Cancer can occur in any organ in the body; however, cancer is much more common in some organs than others (although this varies from country to country).
A cancer death in a 40-year-old woman, for example, represents about 42 years of life lost (because the typical 40-year-old woman is expected to live to age 82). A cancer death in an 80-year-old woman, however, represents about nine years of life lost (because the typical 80-year-old woman is expected to live to age 89). So if two cancers cause roughly the same number of deaths, but one generally causes death in younger people, it is ranked higher in this column.
Skin cancer is one of common form of cancer, but most skin cancers are not deadly. That's the reason skin cancer does not appear in the other two columns. Lung cancer might not be the most typical cancer, but more people die of it than of any other cancer (in fact, more than from breast, prostate, and colon cancer combined). Prostate cancer is the second most common form of cancer, but it often doesn't cause death. And because it is generally a disease of older men, prostate cancer is not in the top five when it comes to years of life lost. Breast and colon cancer, which are relatively common, frequently cause death, and often occur in the middle of life, appear in all three columns.
But just knowing where and how often cancer occurs does not answer the question "What is cancer?" Although it's a simple question, there is no simple answer. Indeed, the word cancer encompasses a broad spectrum of disorders, making the cancer/not cancer distinction fuzzy. Because this complexity is responsible for many of the problems outlined in the following paragraphs, I want to begin by attempting to define cancer.
Let's start with the dictionary. Mine reads, "Cancer: a malignant tumor of potentially unlimited growth that expands locally by invasion and systematically by metastasis." Malignant in turn means "tending to infiltrate, metastasize, and terminate fatally," while metastasis (or the verb metastasize) refers to the spread of disease to a distant site. My medical dictionary is a little more terse, defining cancer as "a cellular tumor the natural course of which is fatal."
This is the way most of us think about cancer. It is bad. It grows relentlessly (local invasion). It pops up in unexpected places (metastasis). It spreads throughout the body. And it kills you. If cancer is thus defined, it seems logical that it must be found and it must be treated.
But doctors diagnose almost all cancer before people die from it, and they diagnose most cancer before any metastasis occurs. So the diagnosis can be made without the foregoing criteria, that is, without death and without metastasis. There must be another definition for cancer, then, and there is: the microscopic definition.

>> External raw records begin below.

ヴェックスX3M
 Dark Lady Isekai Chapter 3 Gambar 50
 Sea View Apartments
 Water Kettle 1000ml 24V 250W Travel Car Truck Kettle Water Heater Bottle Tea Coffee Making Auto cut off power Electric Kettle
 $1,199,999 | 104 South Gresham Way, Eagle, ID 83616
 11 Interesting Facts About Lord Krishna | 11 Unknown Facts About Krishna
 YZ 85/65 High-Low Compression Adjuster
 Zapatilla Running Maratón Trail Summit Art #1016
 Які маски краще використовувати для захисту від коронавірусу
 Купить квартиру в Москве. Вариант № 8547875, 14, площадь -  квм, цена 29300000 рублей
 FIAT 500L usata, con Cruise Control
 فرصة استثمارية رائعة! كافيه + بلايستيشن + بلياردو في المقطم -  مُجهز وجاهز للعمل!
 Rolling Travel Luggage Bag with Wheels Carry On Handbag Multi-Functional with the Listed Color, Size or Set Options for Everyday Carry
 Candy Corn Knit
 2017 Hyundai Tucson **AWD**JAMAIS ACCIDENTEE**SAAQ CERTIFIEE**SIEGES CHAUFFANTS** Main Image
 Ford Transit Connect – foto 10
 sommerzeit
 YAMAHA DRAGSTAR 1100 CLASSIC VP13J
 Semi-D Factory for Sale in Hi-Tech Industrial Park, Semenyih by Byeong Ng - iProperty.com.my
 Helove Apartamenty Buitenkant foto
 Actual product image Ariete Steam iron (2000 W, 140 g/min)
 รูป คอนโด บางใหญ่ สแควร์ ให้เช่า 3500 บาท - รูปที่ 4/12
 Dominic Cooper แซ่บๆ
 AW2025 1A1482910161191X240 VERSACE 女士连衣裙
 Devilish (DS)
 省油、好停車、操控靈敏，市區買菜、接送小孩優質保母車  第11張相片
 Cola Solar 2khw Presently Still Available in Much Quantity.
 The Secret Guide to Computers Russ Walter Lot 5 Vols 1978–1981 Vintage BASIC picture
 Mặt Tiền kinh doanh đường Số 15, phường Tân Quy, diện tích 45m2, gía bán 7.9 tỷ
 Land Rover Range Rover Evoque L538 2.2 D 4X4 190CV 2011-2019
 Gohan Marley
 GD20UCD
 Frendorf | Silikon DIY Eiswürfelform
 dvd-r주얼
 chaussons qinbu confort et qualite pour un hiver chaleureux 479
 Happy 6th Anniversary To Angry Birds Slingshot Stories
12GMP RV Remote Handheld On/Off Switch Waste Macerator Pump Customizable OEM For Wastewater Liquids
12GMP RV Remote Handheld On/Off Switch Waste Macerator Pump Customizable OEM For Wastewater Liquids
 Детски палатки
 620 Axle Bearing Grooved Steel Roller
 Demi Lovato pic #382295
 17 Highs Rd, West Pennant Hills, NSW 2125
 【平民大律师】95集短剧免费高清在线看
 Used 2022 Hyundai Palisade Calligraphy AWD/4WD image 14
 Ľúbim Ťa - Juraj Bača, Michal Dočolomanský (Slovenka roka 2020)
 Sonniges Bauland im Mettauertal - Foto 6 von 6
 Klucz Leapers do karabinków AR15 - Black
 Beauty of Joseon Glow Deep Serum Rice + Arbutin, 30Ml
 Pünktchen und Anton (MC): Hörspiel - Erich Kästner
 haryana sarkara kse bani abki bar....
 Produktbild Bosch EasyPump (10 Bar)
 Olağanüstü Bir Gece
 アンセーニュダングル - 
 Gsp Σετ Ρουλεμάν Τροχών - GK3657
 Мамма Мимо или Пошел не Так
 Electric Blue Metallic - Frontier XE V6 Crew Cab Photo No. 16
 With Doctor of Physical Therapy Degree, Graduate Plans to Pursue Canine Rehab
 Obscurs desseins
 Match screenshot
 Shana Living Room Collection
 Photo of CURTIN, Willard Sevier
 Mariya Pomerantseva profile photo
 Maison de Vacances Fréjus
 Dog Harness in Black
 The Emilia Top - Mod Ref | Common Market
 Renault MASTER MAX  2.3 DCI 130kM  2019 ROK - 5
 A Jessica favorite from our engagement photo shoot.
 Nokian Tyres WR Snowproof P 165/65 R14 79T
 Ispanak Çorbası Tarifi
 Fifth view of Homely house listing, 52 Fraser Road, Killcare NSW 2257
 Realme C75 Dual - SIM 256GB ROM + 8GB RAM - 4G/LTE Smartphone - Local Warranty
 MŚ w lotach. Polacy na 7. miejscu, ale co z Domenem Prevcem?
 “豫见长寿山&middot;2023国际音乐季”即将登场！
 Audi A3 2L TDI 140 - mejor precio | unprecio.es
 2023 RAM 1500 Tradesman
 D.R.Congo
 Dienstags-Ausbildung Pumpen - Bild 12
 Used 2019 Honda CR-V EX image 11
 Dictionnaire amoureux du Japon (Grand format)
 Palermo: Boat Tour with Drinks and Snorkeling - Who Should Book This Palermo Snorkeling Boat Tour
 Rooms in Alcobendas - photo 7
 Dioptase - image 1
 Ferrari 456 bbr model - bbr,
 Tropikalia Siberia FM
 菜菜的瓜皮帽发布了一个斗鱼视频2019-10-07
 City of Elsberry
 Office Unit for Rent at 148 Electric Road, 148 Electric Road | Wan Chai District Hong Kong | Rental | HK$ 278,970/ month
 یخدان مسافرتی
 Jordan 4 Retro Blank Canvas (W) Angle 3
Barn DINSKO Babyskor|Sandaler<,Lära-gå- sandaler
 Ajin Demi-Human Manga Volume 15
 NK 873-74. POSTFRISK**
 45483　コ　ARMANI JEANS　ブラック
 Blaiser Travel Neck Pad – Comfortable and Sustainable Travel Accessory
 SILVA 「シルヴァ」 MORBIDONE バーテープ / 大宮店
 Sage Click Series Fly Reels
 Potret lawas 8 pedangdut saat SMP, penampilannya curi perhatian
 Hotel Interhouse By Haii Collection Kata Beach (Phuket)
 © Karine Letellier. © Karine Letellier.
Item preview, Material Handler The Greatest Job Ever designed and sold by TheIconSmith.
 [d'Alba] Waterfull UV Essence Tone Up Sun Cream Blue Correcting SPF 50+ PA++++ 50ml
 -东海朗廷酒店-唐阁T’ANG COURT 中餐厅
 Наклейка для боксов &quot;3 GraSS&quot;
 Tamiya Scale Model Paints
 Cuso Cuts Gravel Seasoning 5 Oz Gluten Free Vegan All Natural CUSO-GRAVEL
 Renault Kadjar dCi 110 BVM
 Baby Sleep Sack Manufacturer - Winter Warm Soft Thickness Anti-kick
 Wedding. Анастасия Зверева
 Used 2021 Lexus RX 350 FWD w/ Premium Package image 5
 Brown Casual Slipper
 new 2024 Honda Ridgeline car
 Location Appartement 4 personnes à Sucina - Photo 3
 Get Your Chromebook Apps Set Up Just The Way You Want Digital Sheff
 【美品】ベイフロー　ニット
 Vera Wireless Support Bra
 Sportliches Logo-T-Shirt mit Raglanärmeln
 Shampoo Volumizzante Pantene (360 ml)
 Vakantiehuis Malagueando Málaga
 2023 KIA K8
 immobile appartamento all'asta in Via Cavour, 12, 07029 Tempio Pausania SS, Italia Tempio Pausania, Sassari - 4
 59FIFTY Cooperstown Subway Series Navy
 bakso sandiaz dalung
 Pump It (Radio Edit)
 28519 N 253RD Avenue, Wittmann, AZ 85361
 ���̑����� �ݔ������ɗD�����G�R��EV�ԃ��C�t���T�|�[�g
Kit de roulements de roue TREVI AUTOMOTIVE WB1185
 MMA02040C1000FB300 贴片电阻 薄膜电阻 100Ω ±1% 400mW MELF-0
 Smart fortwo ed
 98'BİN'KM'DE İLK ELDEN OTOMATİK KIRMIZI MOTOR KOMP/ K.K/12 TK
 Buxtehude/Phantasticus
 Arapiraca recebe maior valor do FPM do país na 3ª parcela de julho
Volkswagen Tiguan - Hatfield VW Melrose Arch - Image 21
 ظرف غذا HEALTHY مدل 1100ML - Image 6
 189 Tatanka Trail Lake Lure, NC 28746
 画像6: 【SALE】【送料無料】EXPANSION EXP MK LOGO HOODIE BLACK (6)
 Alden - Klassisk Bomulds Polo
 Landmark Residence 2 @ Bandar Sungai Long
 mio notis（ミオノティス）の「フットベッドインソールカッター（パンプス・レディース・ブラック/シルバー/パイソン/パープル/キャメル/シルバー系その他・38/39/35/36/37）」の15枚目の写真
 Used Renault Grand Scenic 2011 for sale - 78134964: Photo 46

The diagnosis of cancer is made by pathologists those physicians who specialize in the performance of laboratory tests and the examination of human tissue under the microscope. Physicians who are worried about a cancer diagnosis generally take a piece of the organ in question (a biopsy) and send it to the lab. The pathologist then examines thin sections of the tissue under the microscope.
The microscopic definition depends on the look of individual cells. The less individual cells look like the normal cells found in the organ, the much more likely they are cancer. The more individual cells vary in decoration, the much more likely they are cancer. And the more the pathologist sees individual cells in the midst of dividing, the more likely they are cancer.
The microscopic definition also depends on the appearance of the collection of cells the architecture that results from how individual cells fit together. Growths that are clearly walled off from surrounding tissue, as if in a cocoon, are less likely to be cancer. Conversely, growths that extend into surrounding tissue and invade nearby blood vessels are more likely to be cancer.
So again: what is cancer? Is it the lethal disease that has spread throughout the body, or is it the microscopic abnormality seen in several cells? You might reasonably ask, "What's the difference? People who develop the microscopic abnormality are bound to develop the lethal disease if they are not treated." In fact, sometimes that is true, but sometimes it's not. The natural course of untreated cancer what epidemiologists call the "natural history" turns out to be highly variable. Cancer is a dynamic process that may proceed in many different ways.
But the process may proceed at very different speeds, and it may even be stopped by the body's immune system. So what pathologists call cancer in fact encompasses a broad range of entities that may evolve in very different ways. Some may grow very fast, others may grow very slowly, and some may even go away. This heterogeneity in the natural history of cancer is the reason for most of the problems raised in the following paragraphs: why tests miss some cancers, why there are others you would rather not know about, why it's hard to know who really has early cancer, and why our cancer statistics can be so misleading.